RECORDS SUPPLIED:
#####
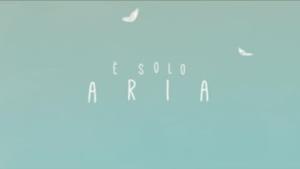 Verdiana Zangaro - Aria (lyric video e testo)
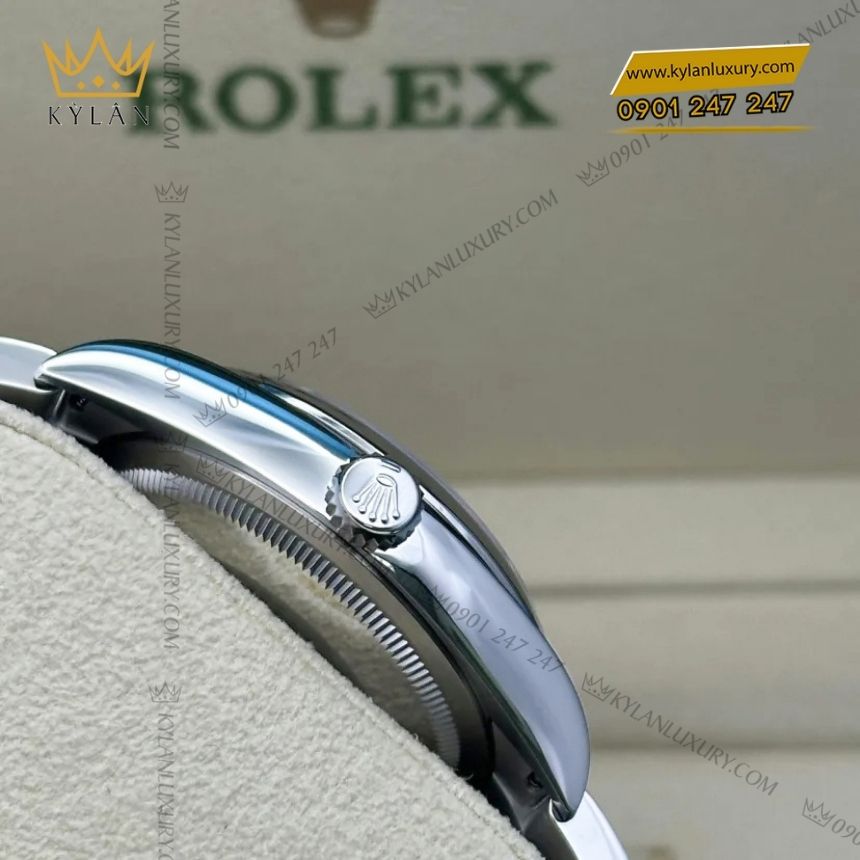 Kỳ Lân Luxury rolex oyster perpetual 36 126000 0015 9 Đồng hồ Rolex Oyster Perpetual 36 mặt xanh dương 126000-0015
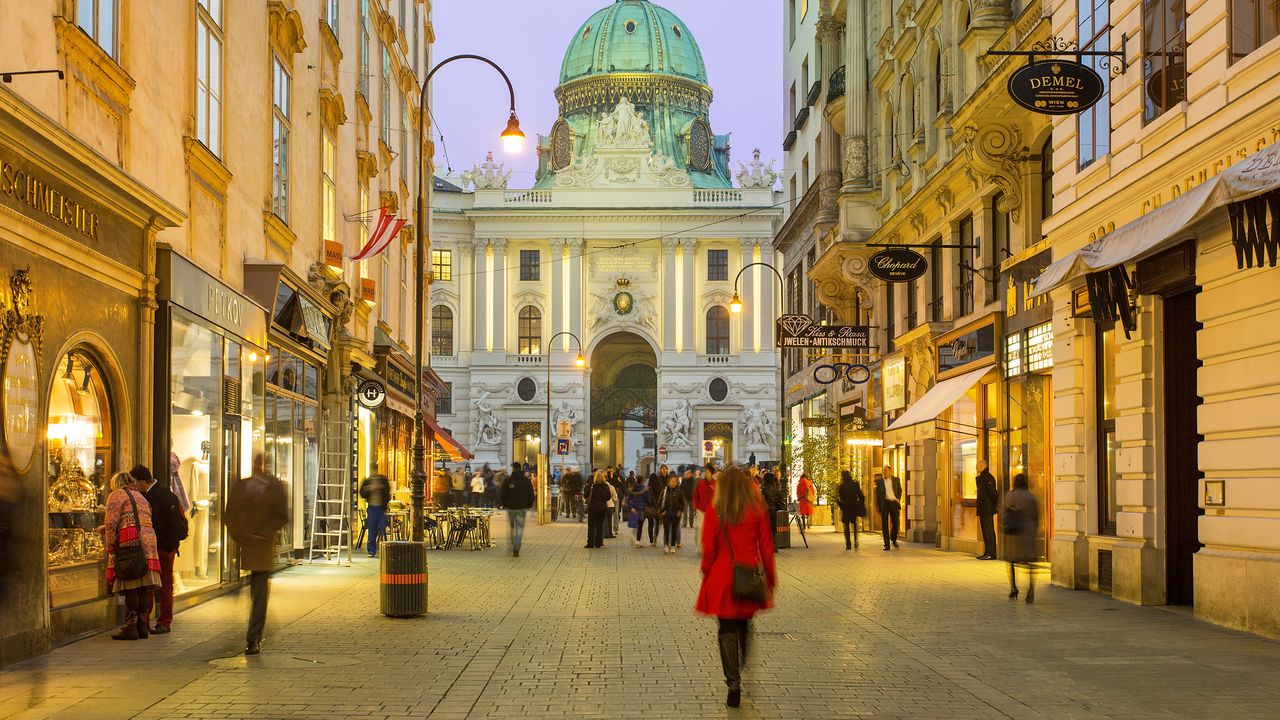 Viena es reconocida por sus impresionantes construcciones.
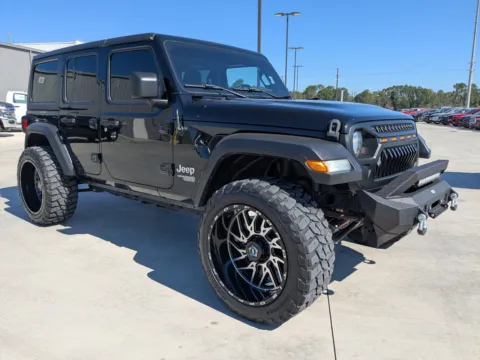Photos of 2019 Jeep Wrangler Unlimited Sport S for sale in Douglas, GA at Woody Folsom CDJR of Douglas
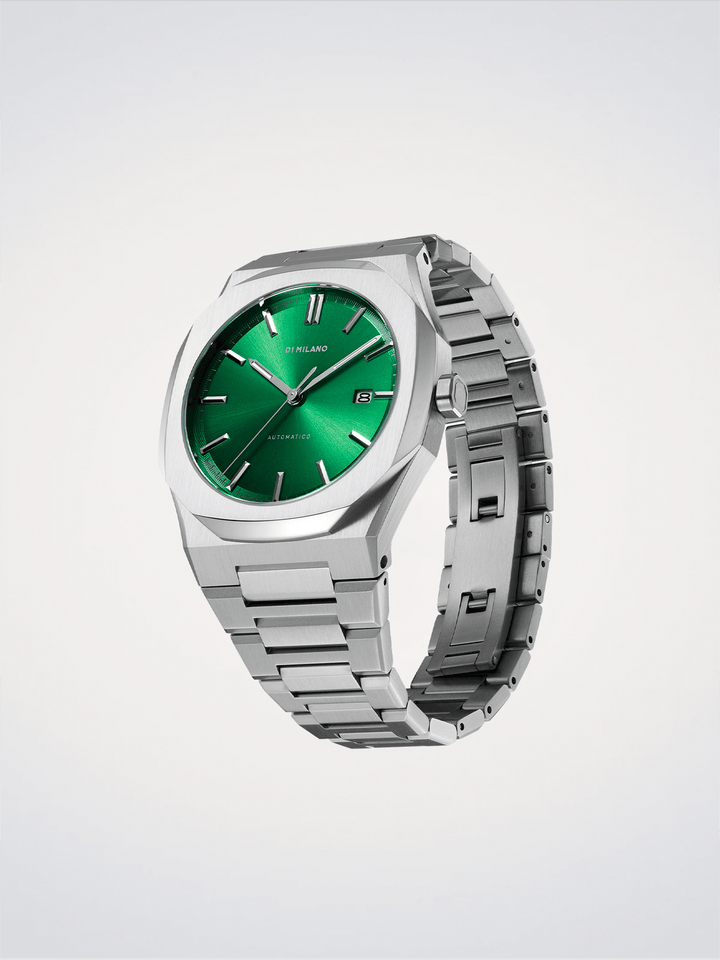 D1 Milano Vert Automatique 41,5 mm D1-ATBJ12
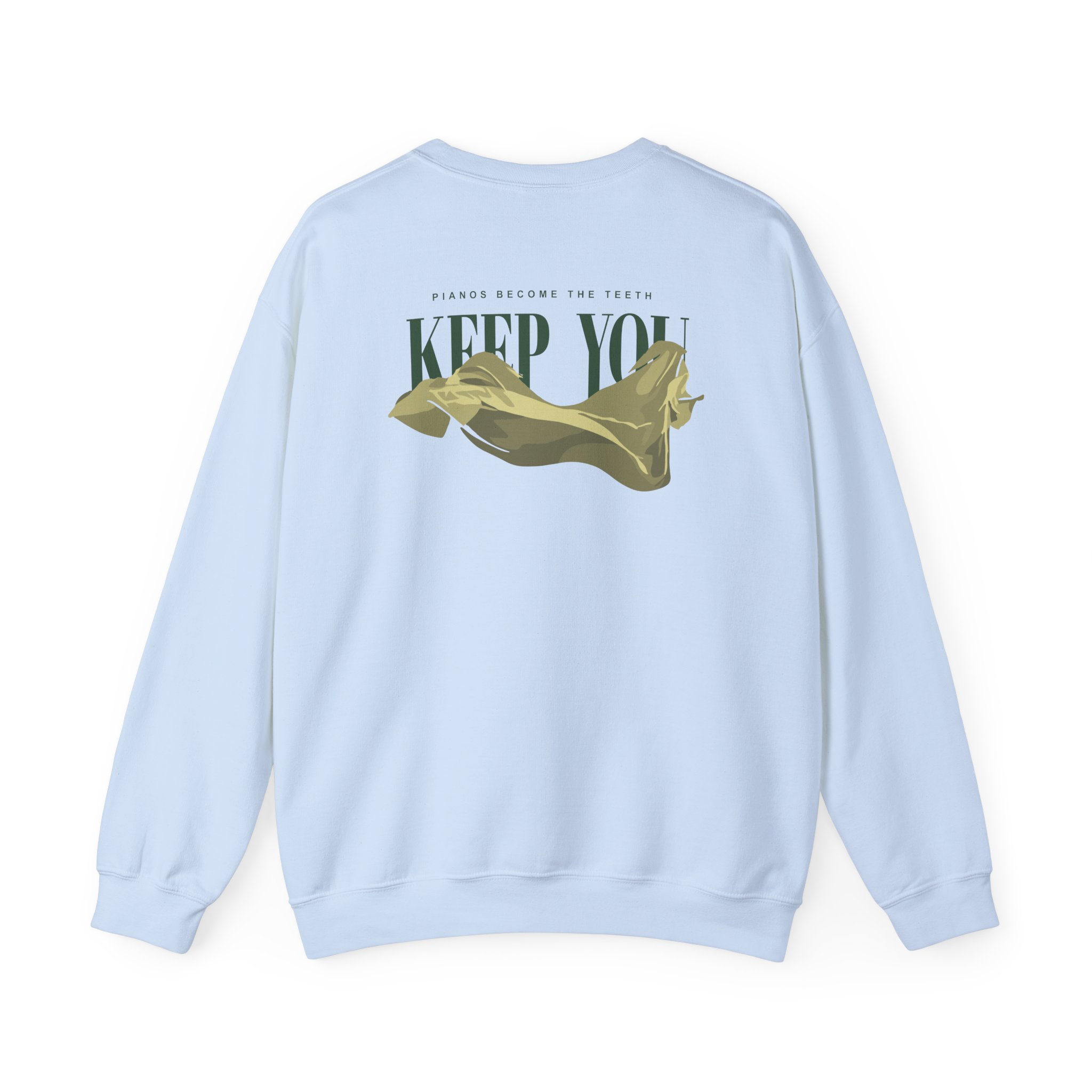Pianos Become the Teeth Keep You Drape Unisex Heavy Blendâ„¢ Crewneck Sweatshirt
#####
TASK STATEMENT: Return exactly the lines that begin with the one containing "Kỳ Lân Luxury" and end with the final line of the data above; include no pictures.

TASK OUTPUT:
 Kỳ Lân Luxury rolex oyster perpetual 36 126000 0015 9 Đồng hồ Rolex Oyster Perpetual 36 mặt xanh dương 126000-0015
 Viena es reconocida por sus impresionantes construcciones.
Photos of 2019 Jeep Wrangler Unlimited Sport S for sale in Douglas, GA at Woody Folsom CDJR of Douglas
 D1 Milano Vert Automatique 41,5 mm D1-ATBJ12
Pianos Become the Teeth Keep You Drape Unisex Heavy Blendâ„¢ Crewneck Sweatshirt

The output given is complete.